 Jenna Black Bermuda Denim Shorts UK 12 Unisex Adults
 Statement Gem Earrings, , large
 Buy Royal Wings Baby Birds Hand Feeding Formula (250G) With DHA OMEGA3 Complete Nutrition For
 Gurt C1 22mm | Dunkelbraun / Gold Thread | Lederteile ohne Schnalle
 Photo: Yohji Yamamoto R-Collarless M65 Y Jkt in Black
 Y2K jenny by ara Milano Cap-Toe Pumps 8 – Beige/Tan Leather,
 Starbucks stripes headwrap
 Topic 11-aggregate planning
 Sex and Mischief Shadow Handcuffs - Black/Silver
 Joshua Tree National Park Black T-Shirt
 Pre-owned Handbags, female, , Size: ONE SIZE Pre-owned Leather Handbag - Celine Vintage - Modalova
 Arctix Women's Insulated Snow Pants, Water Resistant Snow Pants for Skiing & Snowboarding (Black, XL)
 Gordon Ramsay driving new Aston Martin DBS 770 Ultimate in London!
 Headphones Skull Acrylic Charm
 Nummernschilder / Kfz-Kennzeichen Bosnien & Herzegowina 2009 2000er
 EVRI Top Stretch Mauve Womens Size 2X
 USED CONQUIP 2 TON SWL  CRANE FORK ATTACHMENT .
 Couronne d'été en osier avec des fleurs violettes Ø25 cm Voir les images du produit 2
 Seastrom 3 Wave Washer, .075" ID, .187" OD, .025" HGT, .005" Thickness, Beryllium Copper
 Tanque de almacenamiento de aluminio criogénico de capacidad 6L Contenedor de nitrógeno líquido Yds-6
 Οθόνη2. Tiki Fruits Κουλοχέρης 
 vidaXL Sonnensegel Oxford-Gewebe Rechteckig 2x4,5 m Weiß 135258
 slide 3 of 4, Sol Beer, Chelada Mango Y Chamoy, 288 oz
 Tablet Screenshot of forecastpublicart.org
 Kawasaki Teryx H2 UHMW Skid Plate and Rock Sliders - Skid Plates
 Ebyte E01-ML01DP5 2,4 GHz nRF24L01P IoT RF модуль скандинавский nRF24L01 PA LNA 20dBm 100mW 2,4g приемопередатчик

____

Search the data above for the word "Leather" and show every line that has it.

ANSWER BOX
 Y2K jenny by ara Milano Cap-Toe Pumps 8 – Beige/Tan Leather,
 Pre-owned Handbags, female, , Size: ONE SIZE Pre-owned Leather Handbag - Celine Vintage - Modalova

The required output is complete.